Campur tangan politik kekuasaan yang lebih netral pun pernah terjadi. Ini menyangkut soal pelayanan kepada para jamaah haji. Peristiwanya terjadi pada tahun 1920-an ketika wabah kolera menyebar di tanah suci, bahkan hingga Eropa. Konon sumber penyebabnya adalah dari sisa hewan kurban yang dipotong dengan baik. Nah, akibat meluasnya wabah kolera ini maka peristiwa ibadah haji diputuskan ditutup sementara waktu sampai wabah ini lewat.
Peristiwa lebih terkini sempat juga terjadi di awal 80-an atau pada masa awal Revolusi Iran. Kala itu jamaah haji Iran selalu ribut meneriakan yel-yel yang terkait revolusi pimpinan Ayatullah Khomeni. Tak cukup berteriak, mereka juga menggelar aneka poster dan selebaran.
Akibat ulah itu, pihak Arab Saudi segera membereskannya. Sampai kini semua poster, spanduk, bendera, atau identitas politik sewaktu haji dan umrah dilarang di area haji dan umrah. Tak hanya dilarang, pihak yang masih saja nekad membawanya akan ditangkap dan menginap di ‘tarhil’ alias tempat tahanan. Imbas lainnya, mulai saat itu muncul atau menjadi pemicu isu ‘internasionaliasi’ masalah urusan haji.

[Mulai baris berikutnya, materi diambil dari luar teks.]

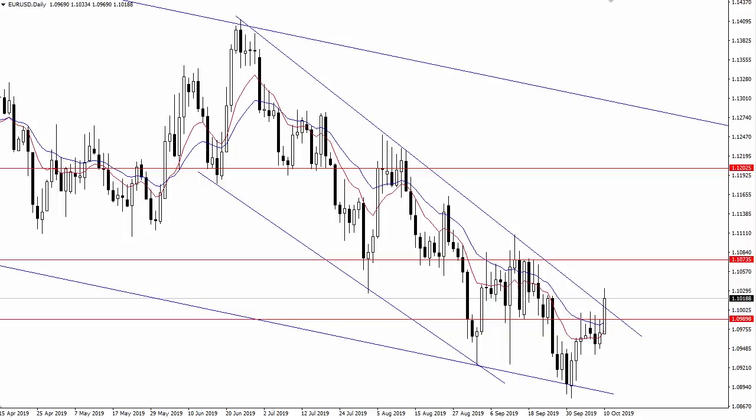Is the euro USD finally breaking out? As of right now the answer is yes, but buyers still have more work to do. Hi forex traders, my name is Justin Bennett with Daily Price Action, and in today's forex forecast we're going to talk about the euro USD. I'm going to tell you what buyers have to do today to break the pair out and also some key levels to watch on the way up.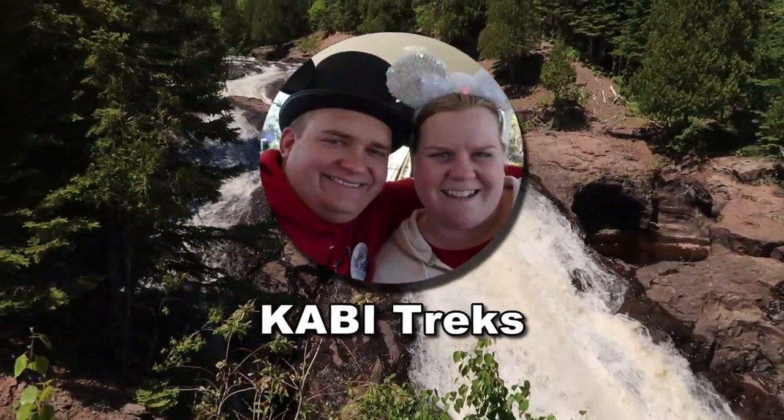Hey everyone, Bill and Carrie here for KAB Treks. We are on our third stop — we are on a waterfall trail, following some of the beautiful waterfalls here in northern Minnesota. We are near the Cross River, about two hours north of Duluth.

Akhirnya, janganlah heran bila ada sebagian jamaah umrah kini meneriakan Pancasila dan menyanyikan lagu ‘Hizbul Wathan’. Itu jelas bukan bagian ibadah ‘mahdoh’ karena hanya ekspresi poitik atas nama idiologi ‘nation state’ yang tercipta baru beberapa lama, yakni usai tumbangnya kerajaan Turki Utsmani dan hadirnya imperium kolonial negara barat. Kala itu Jazirah Arab, setelah Turki tersungkur dan terbagi dalam banyak negara. Salah satu di antaranya kemudian muncul negara Arab Saudi, Irak, Qatar, Turki, dan lainnya.
Walhasil, marilah direnungkan kata seorang pemilik travel haji dan umrah yang terkenal. Dia mengatakan, janganlah lagu itu menjadi ekspresi dari nafsu agar menjadi sukses dengan slogan-slogan travel mereka, bukan dengan pertolongan dari Allah SWT. Sebab, seharusnya orang beriman dan shaleh tidak akan melakukan hal-hal yang sifatnya keduniaan di dalam pelaksanaan umrah dan haji.
Dan, mudah-mudahan pula sekarang mulai muncul kesadaran bahwa salah satu kemampuan ‘Istito’ah’ dalam penyelengaraan ibadah haji juga mencakup adanya dukungan yang memadai dari pihak penguasa politik. Ingat dari dulu Snouck Hurgonje pun sudah mengatakan bagi setiap Muslim melakukan ibadah haji (umrah) adalah bentuk ekspresi dari ‘nasionalisme Islam’. Dan para jamaah di sana bukan hanya sekadar menghadiri sebuah perayaan ‘Het Mekkaansche feest’ (Festival Makkah)!